Native woman on the bus.  Trying to get on.

"I've got a Mickey Mouse costume in my bag," the native woman says.  She swirls a bit.  Has troubles keeping her balance.  She shows the bus driver her costume.

"No, you have a mickey in your bag.  you're not allowed to drink on the bus, but since it's so cold out, I'll give you another chance.  If I see you do it again, I'm gonna have to ask you to get off the bus," the bus driver says.

"I wasn't drinkin'!"  She replies.

"Yes you were.  I saw it in the mirror, and the camera saw you.  And if I see it again, I'm gonna have to ask you to leave."

"I wasn't drinkin'!! I was planin'!  I'm Mickey Mouse!!! I AM!!!"

"You're not Mickey Mouse."

"I am so!  Just listen to my voice!" She raises her voice a few octaves to impersonate Mickey. The bus driver won't stand for it.  He has a schedule to keep.
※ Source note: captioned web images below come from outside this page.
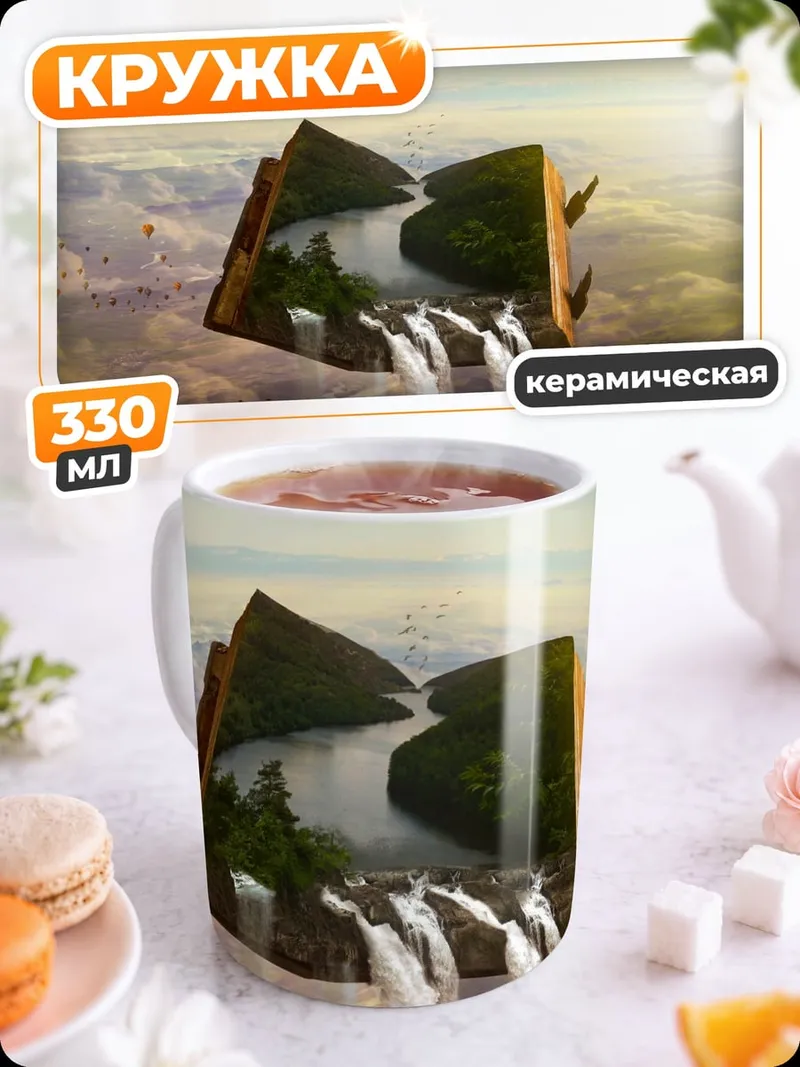 Кружка керамическая Книга водопадов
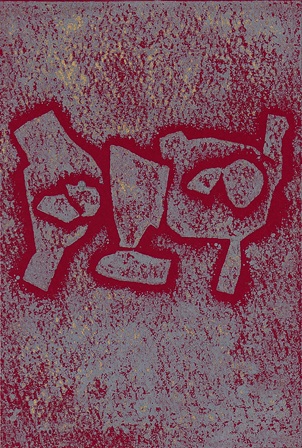 作品の画像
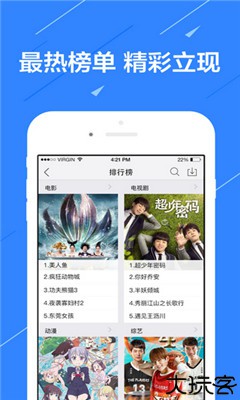 追伴影视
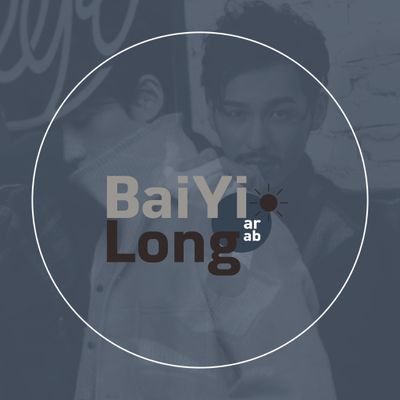 الحساب العربي الاول لتحديثات أبطال مسلسل Guardian
 باي يو & جو ييلونغ.Fan account for Bai Yu & Zhu Yilong . I ᴅᴏɴ'ᴛ ᴏᴡɴ ᴠɪᴅᴇᴏs &ᴘʜᴏᴛᴏs ᴄʀᴇᴅɪᴛs ᴛᴏ ᴛʜᴇɪʀ ᴏᴡɴᴇʀs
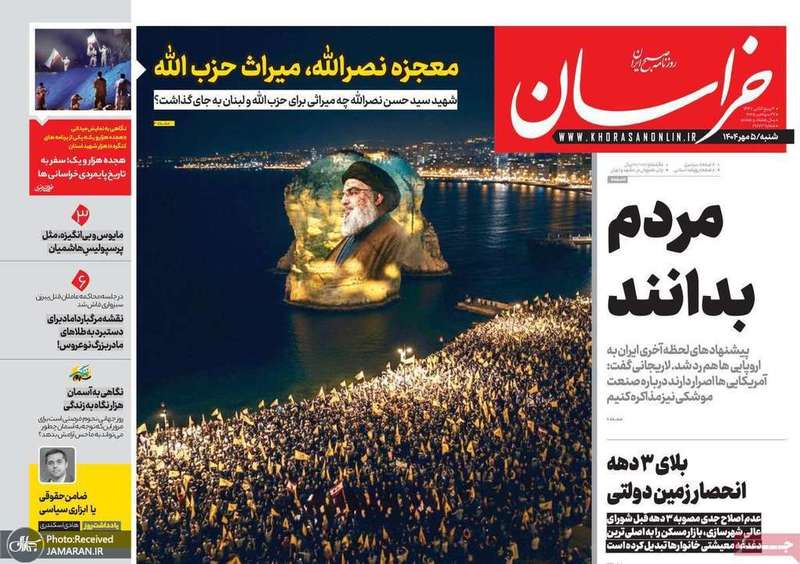 گزیده روزنامه های 5 مهر 1404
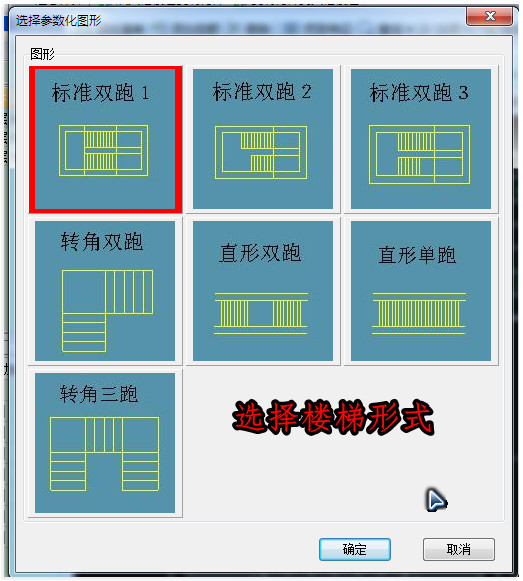 图形算量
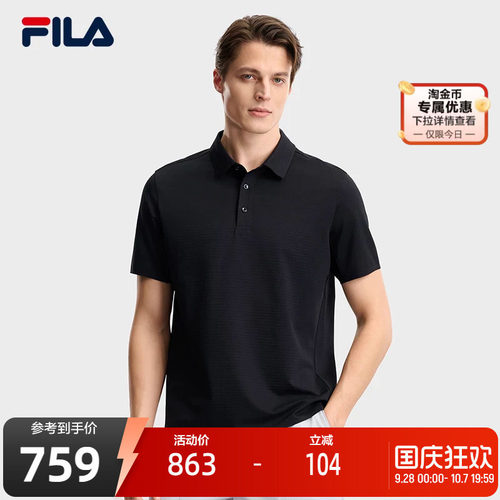 FILA斐乐男士针织短袖POLO衫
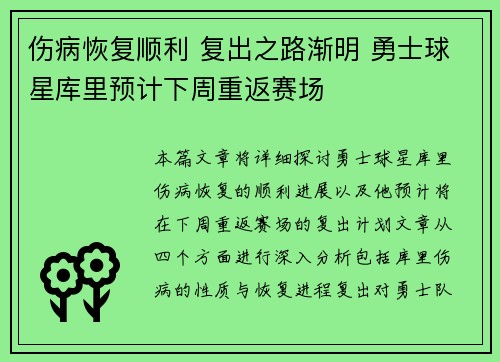 伤病恢复顺利 复出之路渐明 勇士球星库里预计下周重返赛场
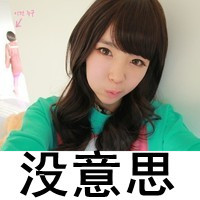 ɰΨQQŮͷ񣺸һ,ð(29)_WWW.AIGEXING.COM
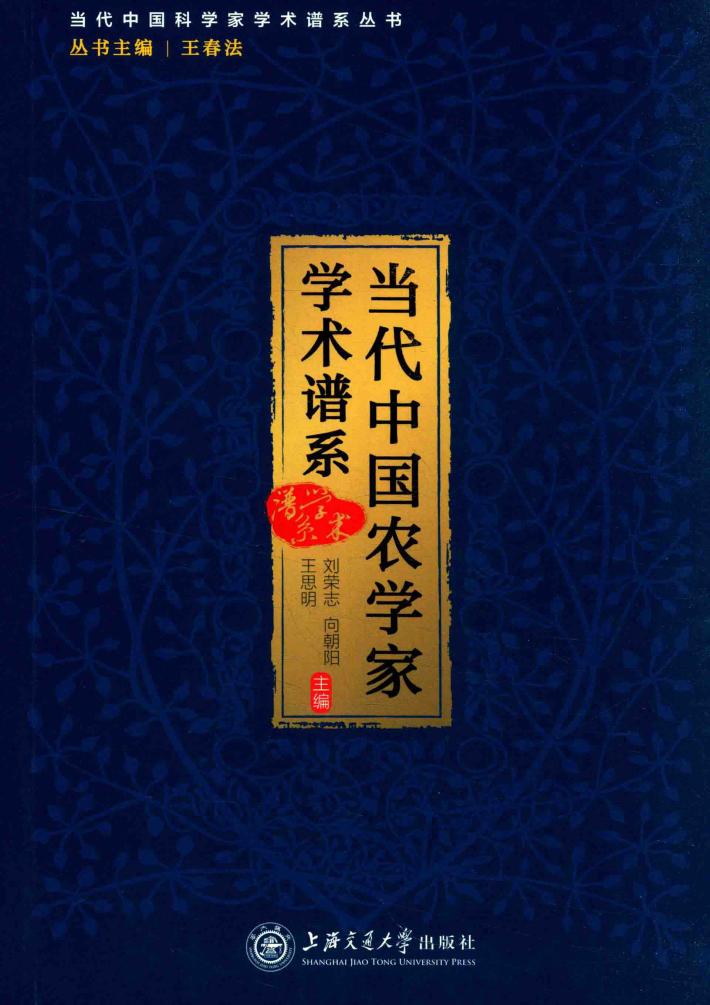 当代中国农学家学术谱系 封面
"Take your seat ma'am.  If I see you drinking out of the mickey, I'll have to ask you leave."

"How can I drink out of myself!"

The bus driver responds by gunning it.  Unfortunately, it's so icy, all that gunning succeeds only in spinning the tires.  So he takes off like he normally does, slowly and steadily.

The native woman doesn't drink again, but every time she gets drunk, she'll swear to God, and to anyone that listens, that she is in fact Mickey Mouse. 


Anonymous said...

That poor bus driver. If cops can have weapons, so should they. It would make for a much more pleasant ride. Or a psychotic one. Or a deadly one. Or a quiet and non-eventful one.

John Dantzer said...

I think it would be on average a more psychotic ride if the bus driver's carried guns. Soon the bus driver's would have to undergo military training. Soon the bus drivers would start their own militia and basically take over the world. If I was a bus driver, I'd carry a blow tube and poisonous darts.